▶ [PROBLEM TO SOLVE] Print each entry exactly, all the way through.

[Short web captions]
───
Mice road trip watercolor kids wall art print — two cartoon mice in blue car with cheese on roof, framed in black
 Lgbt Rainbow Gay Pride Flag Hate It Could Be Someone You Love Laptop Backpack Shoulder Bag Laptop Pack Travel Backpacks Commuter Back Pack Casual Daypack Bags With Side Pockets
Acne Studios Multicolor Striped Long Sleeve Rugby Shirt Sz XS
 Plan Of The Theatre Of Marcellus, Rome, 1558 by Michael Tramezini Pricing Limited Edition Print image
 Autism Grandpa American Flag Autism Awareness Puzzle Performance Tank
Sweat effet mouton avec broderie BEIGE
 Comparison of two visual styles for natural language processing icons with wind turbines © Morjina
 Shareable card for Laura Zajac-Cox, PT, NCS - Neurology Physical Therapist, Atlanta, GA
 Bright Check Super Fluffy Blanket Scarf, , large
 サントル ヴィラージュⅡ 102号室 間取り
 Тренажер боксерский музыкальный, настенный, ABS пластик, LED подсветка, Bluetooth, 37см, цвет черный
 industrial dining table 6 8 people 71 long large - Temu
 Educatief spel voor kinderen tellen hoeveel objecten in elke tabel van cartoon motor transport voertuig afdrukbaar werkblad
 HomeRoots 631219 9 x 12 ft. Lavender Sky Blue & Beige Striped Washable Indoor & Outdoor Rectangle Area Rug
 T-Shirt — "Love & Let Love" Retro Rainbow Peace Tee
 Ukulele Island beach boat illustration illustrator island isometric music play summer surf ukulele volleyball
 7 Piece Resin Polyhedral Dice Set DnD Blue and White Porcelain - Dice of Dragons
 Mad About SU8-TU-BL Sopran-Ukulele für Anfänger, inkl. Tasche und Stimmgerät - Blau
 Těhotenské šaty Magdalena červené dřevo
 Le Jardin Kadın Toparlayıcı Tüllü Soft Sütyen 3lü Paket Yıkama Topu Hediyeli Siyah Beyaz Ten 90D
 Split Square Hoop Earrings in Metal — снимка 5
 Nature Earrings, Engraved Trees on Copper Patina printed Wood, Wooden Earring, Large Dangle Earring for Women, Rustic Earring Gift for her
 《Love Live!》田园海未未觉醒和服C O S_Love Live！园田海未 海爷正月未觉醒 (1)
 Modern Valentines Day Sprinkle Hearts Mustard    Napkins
───
▶ [WRITTEN REPLY]
Mice road trip watercolor kids wall art print — two cartoon mice in blue car with cheese on roof, framed in black
 Lgbt Rainbow Gay Pride Flag Hate It Could Be Someone You Love Laptop Backpack Shoulder Bag Laptop Pack Travel Backpacks Commuter Back Pack Casual Daypack Bags With Side Pockets
Acne Studios Multicolor Striped Long Sleeve Rugby Shirt Sz XS
 Plan Of The Theatre Of Marcellus, Rome, 1558 by Michael Tramezini Pricing Limited Edition Print image
 Autism Grandpa American Flag Autism Awareness Puzzle Performance Tank
Sweat effet mouton avec broderie BEIGE
 Comparison of two visual styles for natural language processing icons with wind turbines © Morjina
 Shareable card for Laura Zajac-Cox, PT, NCS - Neurology Physical Therapist, Atlanta, GA
 Bright Check Super Fluffy Blanket Scarf, , large
 サントル ヴィラージュⅡ 102号室 間取り
 Тренажер боксерский музыкальный, настенный, ABS пластик, LED подсветка, Bluetooth, 37см, цвет черный
 industrial dining table 6 8 people 71 long large - Temu
 Educatief spel voor kinderen tellen hoeveel objecten in elke tabel van cartoon motor transport voertuig afdrukbaar werkblad
 HomeRoots 631219 9 x 12 ft. Lavender Sky Blue & Beige Striped Washable Indoor & Outdoor Rectangle Area Rug
 T-Shirt — "Love & Let Love" Retro Rainbow Peace Tee
 Ukulele Island beach boat illustration illustrator island isometric music play summer surf ukulele volleyball
 7 Piece Resin Polyhedral Dice Set DnD Blue and White Porcelain - Dice of Dragons
 Mad About SU8-TU-BL Sopran-Ukulele für Anfänger, inkl. Tasche und Stimmgerät - Blau
 Těhotenské šaty Magdalena červené dřevo
 Le Jardin Kadın Toparlayıcı Tüllü Soft Sütyen 3lü Paket Yıkama Topu Hediyeli Siyah Beyaz Ten 90D
 Split Square Hoop Earrings in Metal — снимка 5
 Nature Earrings, Engraved Trees on Copper Patina printed Wood, Wooden Earring, Large Dangle Earring for Women, Rustic Earring Gift for her
 《Love Live!》田园海未未觉醒和服C O S_Love Live！园田海未 海爷正月未觉醒 (1)
 Modern Valentines Day Sprinkle Hearts Mustard    Napkins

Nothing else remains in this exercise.